Asian Americans who grew up in San Diego have shared with the Garces and the Convoy District Partnership memories they had growing and going for a weekend Asian meal on Convoy Street, or attending language school/tuition on Saturdays in the area. For Garces, this was the motivation for the groups involved to continually to push for this over the years.
To get the freeway signs change was no easy feat. It took many years of advocacy and community engagement to get everyone on board in local government, businesses and the community living in and around the area, Garces explained.
The coalition first worked with Mayor Todd Gloria when he was an assembly member to get the official designation as the “Pan-Asian Cultural and Business Innovation District.” Once that happened, they could approach CalTrans to determine the cost. They then had to raise $30,000 privately for the signage.
Finally, like with many Asian businesses across America, the racial backlash from COVID-19 Pandemic hit hard. The Asian businesses on Convoy Street are no exception, with many suffering major sales and income losses and others facing or faced business closures.

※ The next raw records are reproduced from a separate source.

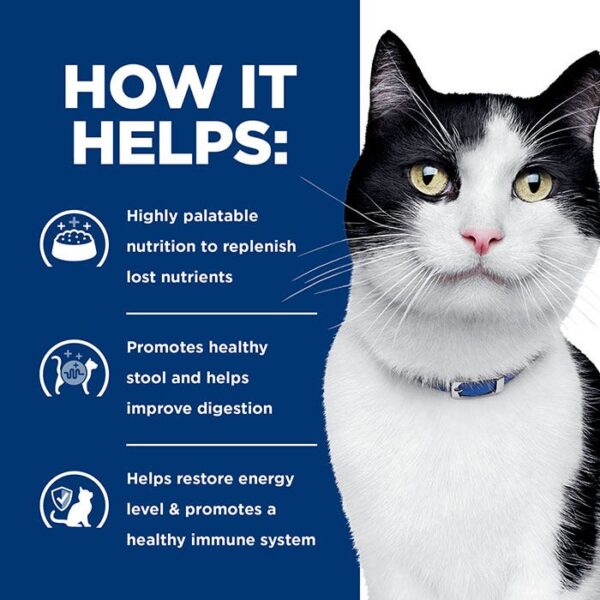 I/D Digestive Care Chicken Cat Wet Food Can 82g x 24 - Image 6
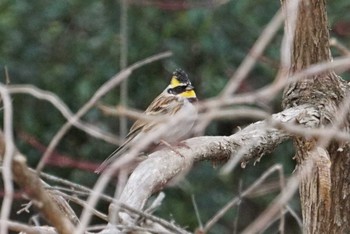 Yellow-throated Bunting 兵庫県西宮市 甲山森林公園 Mon, 2/19/2018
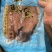 马胶鱼片湛江特产马胶鱼片原味淡味可定制长期供应批发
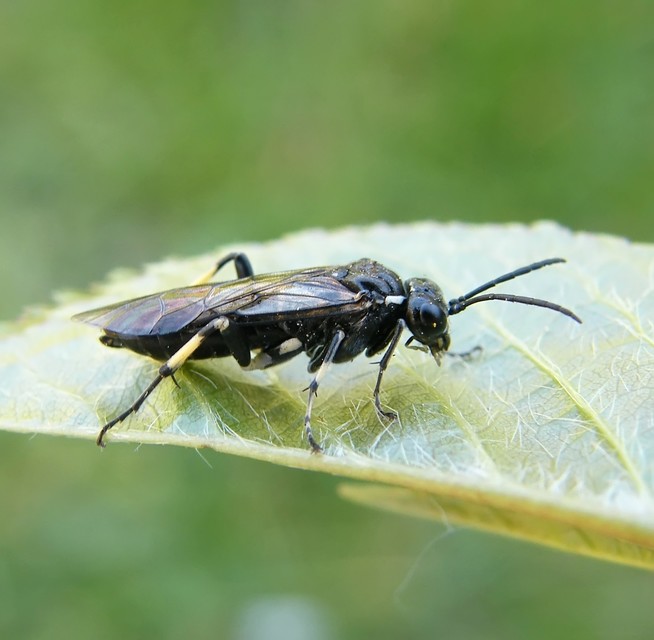 Tenthredinidae - valódi levéldarazsak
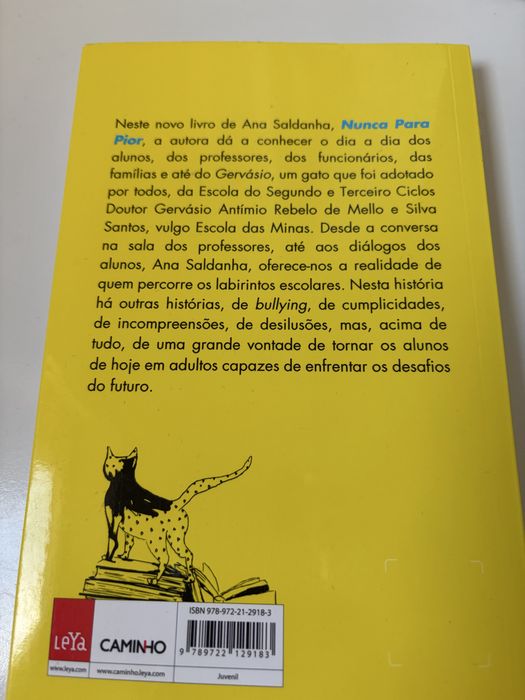 Livro Nunca para Pior de Ana Saldanha
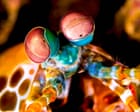 Mantis Shrimp's Bullet-Speed Strike: A Biomechanical Marvel Among Invertebrates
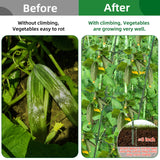 65"×50" Cucumber Trellis for Raised Bed,Tall Metal Arch Garden Trellis for Climbing Plants Outdoor,Vegetables,Plant Support Peas,Fruit,Flower,Grape,Tomato, Bean CFKEMZY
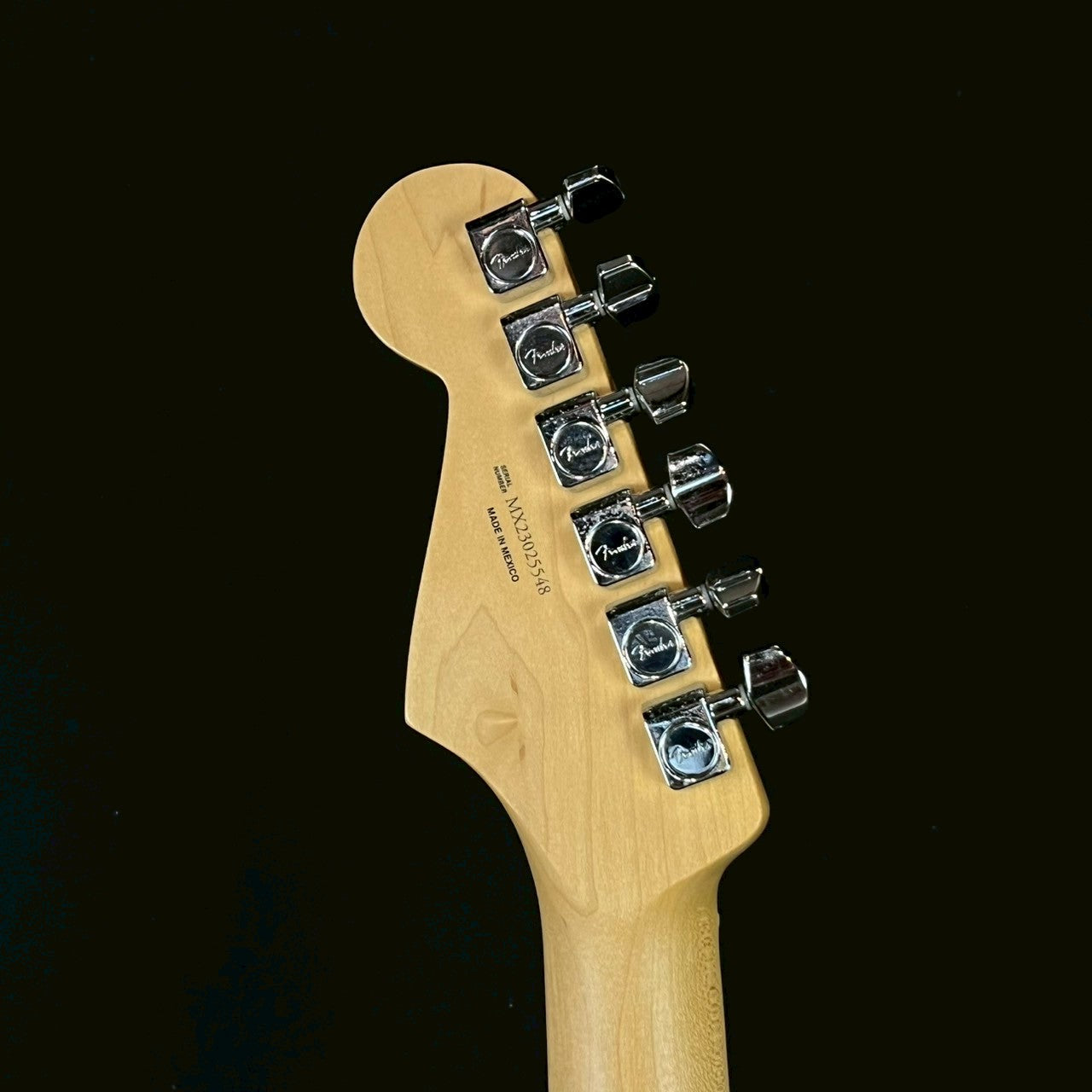 Fender Player Stratocaster MN PWT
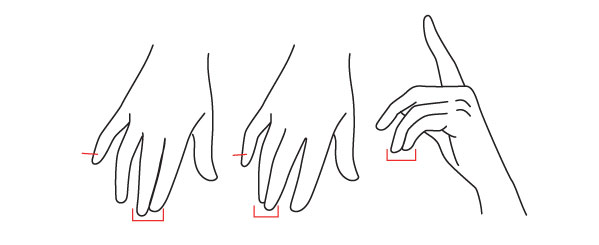 599x245 Human Anatomy Fundamentals How To Draw Hands - Finger Drawing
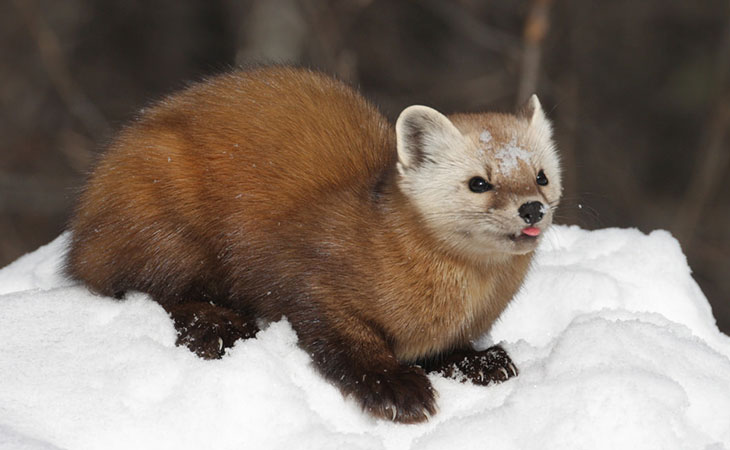 Marten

“We knew that a major reason for this was because of the wrong assumption that the COVID-19 virus came from the Asian community. We advocated to the local council members and county supervisors to make a public statement to denounce the anti-Asian hate and to encourage people to support the businesses in the area. It is about re-discovering the neighborhood and to celebrate our communities rather than cause divisions.“
Drivers will be able to spot the new freeway accessories along Interstate 805 north and south exit ramps for Clairemont Mesa Boulevard and Balboa Avenue. The signs are currently being installed and will be up soon, so if you are traveling San Diego way, do not forget to stop by the Convoy Asian Cultural District.